**RECORDS TO PROCESS:**

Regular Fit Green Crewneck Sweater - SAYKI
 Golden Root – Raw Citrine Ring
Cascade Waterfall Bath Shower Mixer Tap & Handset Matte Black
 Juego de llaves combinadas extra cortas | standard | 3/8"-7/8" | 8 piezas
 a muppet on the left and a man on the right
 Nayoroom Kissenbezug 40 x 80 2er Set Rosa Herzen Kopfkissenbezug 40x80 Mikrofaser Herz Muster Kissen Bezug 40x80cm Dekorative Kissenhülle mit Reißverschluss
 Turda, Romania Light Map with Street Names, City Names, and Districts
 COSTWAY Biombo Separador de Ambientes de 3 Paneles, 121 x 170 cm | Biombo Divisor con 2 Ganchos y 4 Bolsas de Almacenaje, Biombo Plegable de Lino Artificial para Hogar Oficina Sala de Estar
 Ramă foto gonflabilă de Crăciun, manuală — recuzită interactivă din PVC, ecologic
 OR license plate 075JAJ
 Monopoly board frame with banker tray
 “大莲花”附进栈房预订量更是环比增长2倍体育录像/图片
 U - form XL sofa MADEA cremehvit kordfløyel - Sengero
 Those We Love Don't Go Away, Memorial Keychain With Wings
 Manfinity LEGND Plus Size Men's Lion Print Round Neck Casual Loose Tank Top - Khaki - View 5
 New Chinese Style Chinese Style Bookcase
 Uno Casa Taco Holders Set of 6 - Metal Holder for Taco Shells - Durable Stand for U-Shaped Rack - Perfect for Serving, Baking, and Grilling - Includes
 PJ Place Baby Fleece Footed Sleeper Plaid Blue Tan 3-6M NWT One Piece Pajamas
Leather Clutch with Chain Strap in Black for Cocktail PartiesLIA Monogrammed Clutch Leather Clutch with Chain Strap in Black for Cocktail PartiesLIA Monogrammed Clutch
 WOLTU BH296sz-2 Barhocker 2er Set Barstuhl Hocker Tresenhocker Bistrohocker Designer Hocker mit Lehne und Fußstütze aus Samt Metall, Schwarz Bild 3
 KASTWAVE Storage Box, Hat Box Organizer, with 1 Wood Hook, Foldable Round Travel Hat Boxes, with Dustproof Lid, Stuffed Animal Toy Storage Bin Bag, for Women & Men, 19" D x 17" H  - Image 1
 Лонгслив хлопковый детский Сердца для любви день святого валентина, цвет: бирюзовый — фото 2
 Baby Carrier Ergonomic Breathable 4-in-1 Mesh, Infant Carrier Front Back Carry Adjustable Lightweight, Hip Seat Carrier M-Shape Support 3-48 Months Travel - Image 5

**REQUIREMENT:** Print the lines above from the one with "Nayoroom Kissenbezug 40" through the one with "Turda, Romania Light", both included, exactly as written and nothing more.

**SOLUTION FOR THIS TASK:**
 Nayoroom Kissenbezug 40 x 80 2er Set Rosa Herzen Kopfkissenbezug 40x80 Mikrofaser Herz Muster Kissen Bezug 40x80cm Dekorative Kissenhülle mit Reißverschluss
 Turda, Romania Light Map with Street Names, City Names, and Districts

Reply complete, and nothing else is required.